(Data items)
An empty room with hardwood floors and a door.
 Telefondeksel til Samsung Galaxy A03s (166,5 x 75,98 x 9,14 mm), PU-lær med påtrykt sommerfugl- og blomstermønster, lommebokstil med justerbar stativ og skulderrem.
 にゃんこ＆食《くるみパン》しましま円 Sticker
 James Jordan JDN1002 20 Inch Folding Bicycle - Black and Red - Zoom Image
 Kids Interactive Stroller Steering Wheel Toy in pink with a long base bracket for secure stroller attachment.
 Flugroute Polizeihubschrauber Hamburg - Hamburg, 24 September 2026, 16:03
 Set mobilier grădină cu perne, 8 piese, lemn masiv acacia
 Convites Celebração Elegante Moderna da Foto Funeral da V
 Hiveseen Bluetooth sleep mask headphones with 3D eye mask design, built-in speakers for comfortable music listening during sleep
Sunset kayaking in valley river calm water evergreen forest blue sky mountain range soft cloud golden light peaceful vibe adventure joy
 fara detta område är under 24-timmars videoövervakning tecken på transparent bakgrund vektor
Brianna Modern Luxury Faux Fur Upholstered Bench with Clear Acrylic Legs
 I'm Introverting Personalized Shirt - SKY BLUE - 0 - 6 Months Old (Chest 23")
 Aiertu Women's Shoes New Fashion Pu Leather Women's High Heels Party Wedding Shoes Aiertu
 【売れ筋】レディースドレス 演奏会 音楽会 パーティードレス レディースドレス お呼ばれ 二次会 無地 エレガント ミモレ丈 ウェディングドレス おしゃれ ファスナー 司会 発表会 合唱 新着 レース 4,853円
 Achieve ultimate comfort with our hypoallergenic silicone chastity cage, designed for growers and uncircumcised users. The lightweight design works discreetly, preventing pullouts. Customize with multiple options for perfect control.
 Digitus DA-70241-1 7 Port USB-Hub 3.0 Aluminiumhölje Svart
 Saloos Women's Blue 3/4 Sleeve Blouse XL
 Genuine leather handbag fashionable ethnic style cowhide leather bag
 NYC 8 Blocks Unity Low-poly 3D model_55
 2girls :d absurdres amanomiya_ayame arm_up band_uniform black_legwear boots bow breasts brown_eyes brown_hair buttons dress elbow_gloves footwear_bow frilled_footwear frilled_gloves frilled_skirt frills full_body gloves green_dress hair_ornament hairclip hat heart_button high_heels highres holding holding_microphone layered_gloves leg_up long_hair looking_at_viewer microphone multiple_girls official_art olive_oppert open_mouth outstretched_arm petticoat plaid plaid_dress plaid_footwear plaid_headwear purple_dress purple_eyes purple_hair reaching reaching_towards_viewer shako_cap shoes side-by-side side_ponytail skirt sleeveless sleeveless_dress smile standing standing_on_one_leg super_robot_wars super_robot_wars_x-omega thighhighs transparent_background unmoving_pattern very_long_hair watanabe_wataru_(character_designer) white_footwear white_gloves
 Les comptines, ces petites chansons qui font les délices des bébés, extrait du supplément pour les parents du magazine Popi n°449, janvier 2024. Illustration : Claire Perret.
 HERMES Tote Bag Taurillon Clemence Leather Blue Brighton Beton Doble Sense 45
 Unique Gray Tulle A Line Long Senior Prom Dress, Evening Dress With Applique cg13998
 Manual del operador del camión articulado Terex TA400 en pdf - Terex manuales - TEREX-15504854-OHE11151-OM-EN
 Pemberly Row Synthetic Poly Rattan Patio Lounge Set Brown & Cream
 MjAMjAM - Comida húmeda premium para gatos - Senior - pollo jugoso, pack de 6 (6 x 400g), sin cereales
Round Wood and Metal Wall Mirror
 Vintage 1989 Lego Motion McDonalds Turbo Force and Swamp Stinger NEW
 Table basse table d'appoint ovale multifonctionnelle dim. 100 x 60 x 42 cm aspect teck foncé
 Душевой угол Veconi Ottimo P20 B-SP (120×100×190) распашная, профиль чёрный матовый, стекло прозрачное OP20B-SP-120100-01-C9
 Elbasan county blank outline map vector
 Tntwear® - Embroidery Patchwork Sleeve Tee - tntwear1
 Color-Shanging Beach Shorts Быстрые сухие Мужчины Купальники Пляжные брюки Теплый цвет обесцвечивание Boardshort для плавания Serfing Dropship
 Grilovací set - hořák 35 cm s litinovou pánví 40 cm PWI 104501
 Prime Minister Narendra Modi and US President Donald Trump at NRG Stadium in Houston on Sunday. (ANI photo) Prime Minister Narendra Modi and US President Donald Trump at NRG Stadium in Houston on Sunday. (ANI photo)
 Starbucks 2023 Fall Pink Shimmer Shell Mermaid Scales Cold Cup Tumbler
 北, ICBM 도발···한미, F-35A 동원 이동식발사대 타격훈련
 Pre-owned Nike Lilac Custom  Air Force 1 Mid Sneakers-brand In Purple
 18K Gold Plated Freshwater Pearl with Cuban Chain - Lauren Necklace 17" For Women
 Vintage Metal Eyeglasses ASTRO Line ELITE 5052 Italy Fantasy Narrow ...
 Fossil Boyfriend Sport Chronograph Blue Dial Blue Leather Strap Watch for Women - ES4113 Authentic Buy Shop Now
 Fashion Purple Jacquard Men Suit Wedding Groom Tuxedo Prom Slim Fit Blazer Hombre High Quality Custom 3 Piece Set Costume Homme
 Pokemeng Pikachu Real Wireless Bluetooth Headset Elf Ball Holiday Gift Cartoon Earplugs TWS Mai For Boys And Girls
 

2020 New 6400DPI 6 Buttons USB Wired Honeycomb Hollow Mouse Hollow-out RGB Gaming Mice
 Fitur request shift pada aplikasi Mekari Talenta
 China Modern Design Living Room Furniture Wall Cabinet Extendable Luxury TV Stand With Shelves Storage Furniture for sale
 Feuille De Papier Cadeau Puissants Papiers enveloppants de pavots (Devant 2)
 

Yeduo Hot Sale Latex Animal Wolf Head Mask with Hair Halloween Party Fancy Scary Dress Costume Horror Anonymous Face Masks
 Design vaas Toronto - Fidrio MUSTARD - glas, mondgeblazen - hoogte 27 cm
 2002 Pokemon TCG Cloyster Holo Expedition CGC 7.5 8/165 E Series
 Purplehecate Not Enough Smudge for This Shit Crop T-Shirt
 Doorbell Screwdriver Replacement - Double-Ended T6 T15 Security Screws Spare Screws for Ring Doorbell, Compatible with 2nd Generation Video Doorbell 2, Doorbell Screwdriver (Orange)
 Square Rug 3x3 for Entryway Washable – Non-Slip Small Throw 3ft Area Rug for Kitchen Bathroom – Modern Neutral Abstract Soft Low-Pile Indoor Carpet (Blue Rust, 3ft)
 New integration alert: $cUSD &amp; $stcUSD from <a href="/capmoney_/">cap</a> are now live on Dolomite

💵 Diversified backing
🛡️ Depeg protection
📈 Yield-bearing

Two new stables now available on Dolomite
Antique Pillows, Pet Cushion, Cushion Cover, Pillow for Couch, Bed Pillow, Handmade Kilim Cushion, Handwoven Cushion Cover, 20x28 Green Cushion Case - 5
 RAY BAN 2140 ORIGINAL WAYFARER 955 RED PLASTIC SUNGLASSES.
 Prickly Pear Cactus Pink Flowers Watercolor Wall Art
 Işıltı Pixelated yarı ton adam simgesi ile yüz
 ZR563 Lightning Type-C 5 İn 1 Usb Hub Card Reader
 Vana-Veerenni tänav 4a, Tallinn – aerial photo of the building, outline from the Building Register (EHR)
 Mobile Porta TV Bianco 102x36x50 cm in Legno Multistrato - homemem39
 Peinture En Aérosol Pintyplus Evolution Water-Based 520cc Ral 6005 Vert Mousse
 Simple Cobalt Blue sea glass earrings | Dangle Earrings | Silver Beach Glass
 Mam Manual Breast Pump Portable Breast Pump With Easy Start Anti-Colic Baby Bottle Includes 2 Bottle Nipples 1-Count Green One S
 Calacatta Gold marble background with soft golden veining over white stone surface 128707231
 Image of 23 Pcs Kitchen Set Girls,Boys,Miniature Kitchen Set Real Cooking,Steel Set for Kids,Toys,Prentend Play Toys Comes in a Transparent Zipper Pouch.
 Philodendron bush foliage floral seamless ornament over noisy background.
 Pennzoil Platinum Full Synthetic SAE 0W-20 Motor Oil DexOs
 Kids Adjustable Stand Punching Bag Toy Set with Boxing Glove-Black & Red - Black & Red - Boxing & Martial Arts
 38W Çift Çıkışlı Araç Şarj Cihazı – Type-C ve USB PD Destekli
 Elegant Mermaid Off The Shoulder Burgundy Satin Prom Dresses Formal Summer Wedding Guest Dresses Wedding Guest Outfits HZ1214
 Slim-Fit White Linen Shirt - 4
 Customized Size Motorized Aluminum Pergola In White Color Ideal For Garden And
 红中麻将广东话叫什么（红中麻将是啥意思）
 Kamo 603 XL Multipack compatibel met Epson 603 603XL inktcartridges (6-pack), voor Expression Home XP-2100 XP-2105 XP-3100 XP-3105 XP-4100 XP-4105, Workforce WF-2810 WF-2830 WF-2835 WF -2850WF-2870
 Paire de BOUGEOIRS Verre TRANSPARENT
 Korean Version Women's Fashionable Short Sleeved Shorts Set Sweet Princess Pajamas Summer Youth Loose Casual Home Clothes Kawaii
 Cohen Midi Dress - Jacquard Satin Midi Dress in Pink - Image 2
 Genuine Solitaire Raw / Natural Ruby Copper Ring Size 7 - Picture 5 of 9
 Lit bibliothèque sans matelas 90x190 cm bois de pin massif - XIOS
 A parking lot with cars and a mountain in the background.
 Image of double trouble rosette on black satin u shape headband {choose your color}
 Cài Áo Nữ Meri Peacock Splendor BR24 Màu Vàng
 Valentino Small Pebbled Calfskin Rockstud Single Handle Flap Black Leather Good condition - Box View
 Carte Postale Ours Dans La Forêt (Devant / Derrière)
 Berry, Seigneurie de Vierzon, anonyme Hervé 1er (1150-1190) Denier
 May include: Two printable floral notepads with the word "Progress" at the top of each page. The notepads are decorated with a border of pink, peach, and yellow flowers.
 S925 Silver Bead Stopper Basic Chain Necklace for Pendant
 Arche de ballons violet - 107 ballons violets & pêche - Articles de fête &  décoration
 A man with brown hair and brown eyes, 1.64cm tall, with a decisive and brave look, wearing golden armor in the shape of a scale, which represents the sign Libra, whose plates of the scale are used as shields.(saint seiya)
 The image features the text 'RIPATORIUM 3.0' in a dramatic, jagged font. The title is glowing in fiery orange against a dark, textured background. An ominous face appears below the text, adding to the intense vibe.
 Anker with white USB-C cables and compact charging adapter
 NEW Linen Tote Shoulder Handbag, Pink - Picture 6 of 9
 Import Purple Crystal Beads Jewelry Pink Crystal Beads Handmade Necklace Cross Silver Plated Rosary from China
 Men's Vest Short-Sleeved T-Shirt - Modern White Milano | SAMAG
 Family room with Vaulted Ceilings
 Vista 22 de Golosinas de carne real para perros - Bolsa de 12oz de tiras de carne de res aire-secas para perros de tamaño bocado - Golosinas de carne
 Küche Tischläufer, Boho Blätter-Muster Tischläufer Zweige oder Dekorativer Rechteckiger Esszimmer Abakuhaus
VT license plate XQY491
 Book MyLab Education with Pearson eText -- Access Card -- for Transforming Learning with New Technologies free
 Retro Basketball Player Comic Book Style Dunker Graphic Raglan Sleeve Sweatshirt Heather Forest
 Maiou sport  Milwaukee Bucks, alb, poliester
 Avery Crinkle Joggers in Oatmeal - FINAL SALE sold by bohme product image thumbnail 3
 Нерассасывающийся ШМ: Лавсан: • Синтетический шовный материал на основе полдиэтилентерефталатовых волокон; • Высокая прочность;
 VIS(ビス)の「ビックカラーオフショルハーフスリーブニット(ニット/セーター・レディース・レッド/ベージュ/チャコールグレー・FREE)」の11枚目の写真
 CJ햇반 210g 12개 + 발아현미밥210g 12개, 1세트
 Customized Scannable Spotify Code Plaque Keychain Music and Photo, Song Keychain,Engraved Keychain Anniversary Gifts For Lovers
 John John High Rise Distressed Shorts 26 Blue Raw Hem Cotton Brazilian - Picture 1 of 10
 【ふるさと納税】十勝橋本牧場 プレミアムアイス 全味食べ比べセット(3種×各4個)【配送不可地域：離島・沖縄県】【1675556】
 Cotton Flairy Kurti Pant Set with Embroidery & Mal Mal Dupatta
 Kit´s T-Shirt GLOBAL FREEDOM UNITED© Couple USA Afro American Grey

*EXERCISE*: Could you write out, exactly as they stand, only the lines above that begin at the line with "Valentino Small Pebbled" and stop after the line with "S925 Silver Bead"?

*COMPLETED EXERCISE*:
 Valentino Small Pebbled Calfskin Rockstud Single Handle Flap Black Leather Good condition - Box View
 Carte Postale Ours Dans La Forêt (Devant / Derrière)
 Berry, Seigneurie de Vierzon, anonyme Hervé 1er (1150-1190) Denier
 May include: Two printable floral notepads with the word "Progress" at the top of each page. The notepads are decorated with a border of pink, peach, and yellow flowers.
 S925 Silver Bead Stopper Basic Chain Necklace for Pendant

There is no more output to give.